When the Worcester-based business took over at the start of 2023, the optics looked positive. The company’s chairman, Andy Moss, even made the bold prediction that the women’s team could become commercially viable within the next five years. Ten months later, Moss made the “emotionally challenging decision” to withdraw the team from the rebooted Premiership, days before the start of the league.

Four months on from the dark evening when the squad was suddenly brought in from a training session and told the news, Telegraph Sport has brought together five former players who have all been impacted by the club’s demise.

They are all keen to share their stories hoping that this saga never happens again and are demanding greater scrutiny of the business models required to run top-flight women’s teams.

Worcester were originally unsuccessful in their bid to be part of English rugby’s premier women’s competition in December 2022 due to the ongoing uncertainty around the sale of the men’s club. They were readmitted three months after Moss took over and drew up his ambitious business plan.

“They passed two financial checks, walk in on a Monday evening and decide they can’t afford us anymore,” says Siobhan McCarthy, who joined Worcester two seasons ago.

The highly-rated Irish second row is on a three-month trial contract with Gloucester-Hartpury but is yet to rack up any game time this season. “He [Moss] signed up to a 10-year agreement with the PWR and they just said, ‘Yeah, that’s it’.”
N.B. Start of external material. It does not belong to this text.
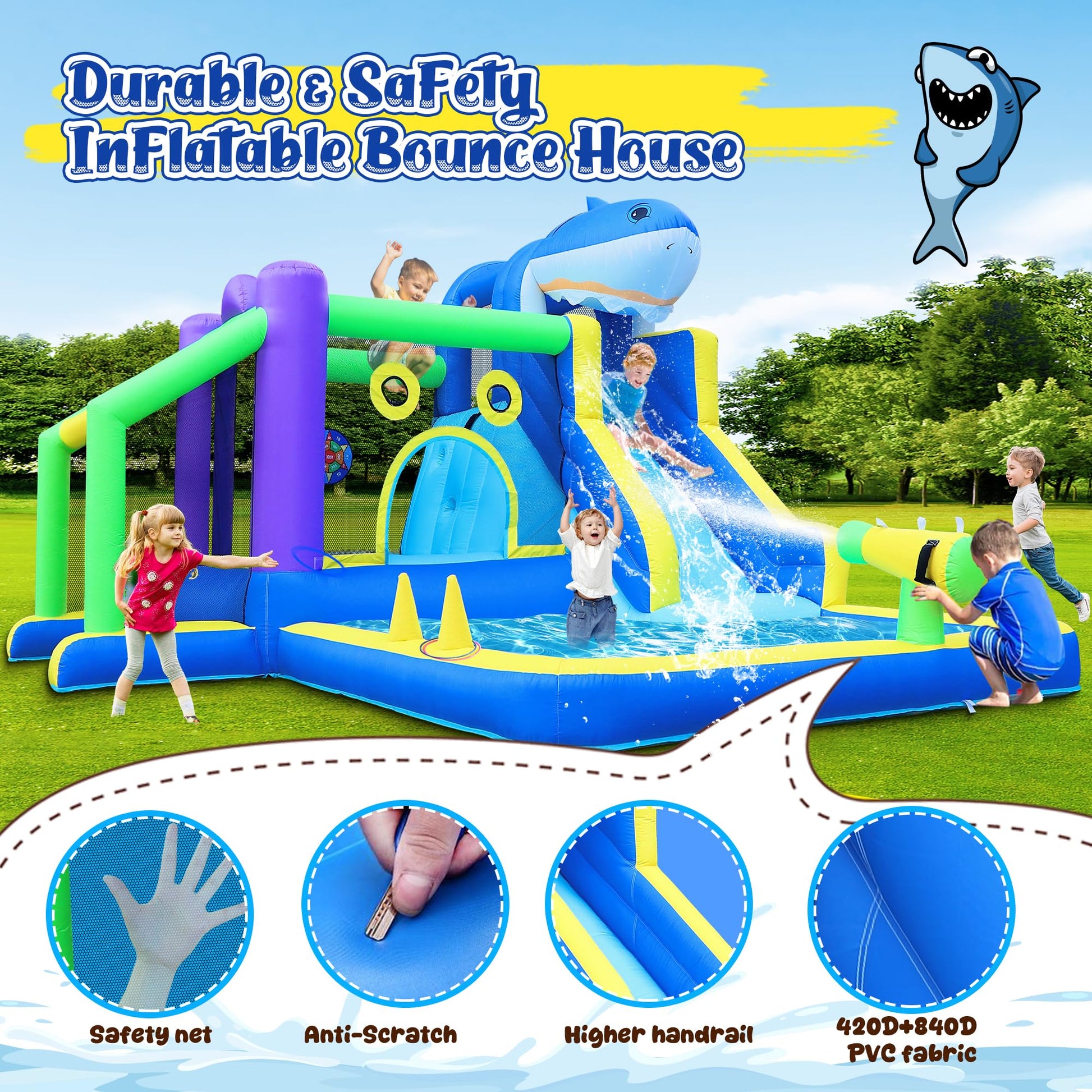 Leistooyfan 10-in-1 Shark Inflatable Bounce House for Kids with 450W Blower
Evans, who is nodding in agreement, chips in. “So what is that process [around owner checks] and is it being changed?”

A Rugby Football Union spokesperson said: “Cube International provided the RFU with a business plan that evidenced its ability to fund the Warriors Women’s team. Cube decided to withdraw the team from the league due to changing business priorities, not funding issues. With the men’s team having gone into administration, backing from Cube enabled the Warriors Women’s team to continue operating.”
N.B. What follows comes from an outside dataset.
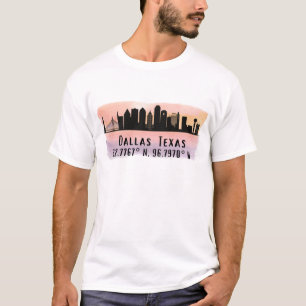 Dallas TX Skyline Latitude and Longitude T-Shirt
Moss has been contacted by Telegraph Sport for comment. After the news broke last year, he told the BBC the women’s team was “not financially viable” and “the support just doesn’t exist for it”.

More than half of Worcester’s squad from last season are yet to secure deals at new clubs, including a handful of England Under-20s players.

Laura Keates, a 2014 World Cup winner with England and widely regarded as one of the finest tightheads the English women’s game has produced, is amongst those without a contract.

“We had 23 players that were going to be regularly playing in the Premiership,” says Keates, the frustration palpable in her voice. “Whether or not they then get game time is one of our joint biggest frustrations. The PWR and Rugby Football Union are talking about growing the women’s game, but actually you’ve lost 40-odd players.”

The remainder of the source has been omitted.